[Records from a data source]
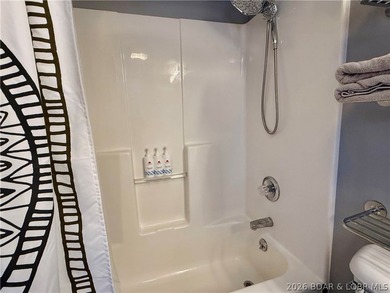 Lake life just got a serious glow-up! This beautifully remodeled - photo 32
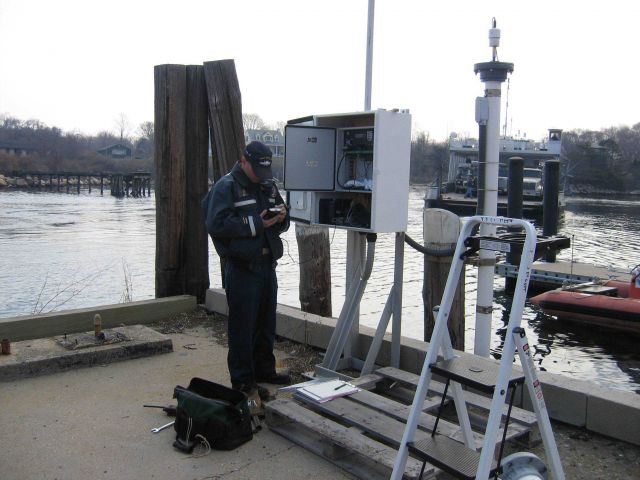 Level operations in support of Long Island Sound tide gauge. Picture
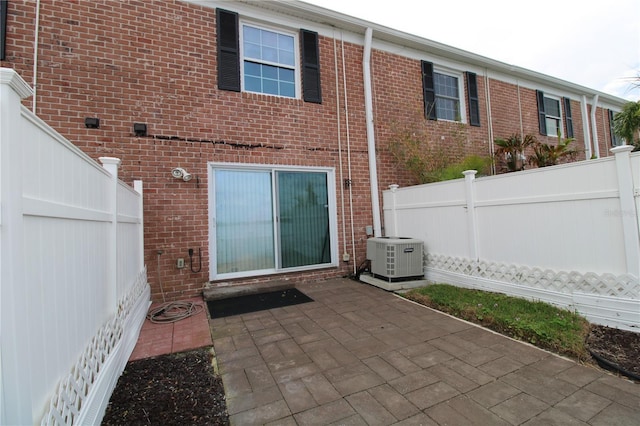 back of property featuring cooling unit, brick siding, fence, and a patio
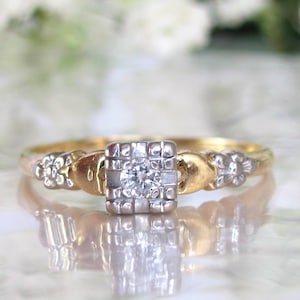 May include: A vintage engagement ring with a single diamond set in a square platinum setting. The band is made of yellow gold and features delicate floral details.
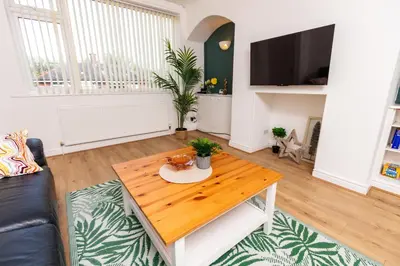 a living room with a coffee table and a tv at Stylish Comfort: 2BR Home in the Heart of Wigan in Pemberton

§ **Activity**
Copy exactly, and only, the lines running from the one containing "Level operations in" through the final line of the data, and omit the pictures.

§ **Answer for this exercise**
 Level operations in support of Long Island Sound tide gauge. Picture
 back of property featuring cooling unit, brick siding, fence, and a patio
 May include: A vintage engagement ring with a single diamond set in a square platinum setting. The band is made of yellow gold and features delicate floral details.
 a living room with a coffee table and a tv at Stylish Comfort: 2BR Home in the Heart of Wigan in Pemberton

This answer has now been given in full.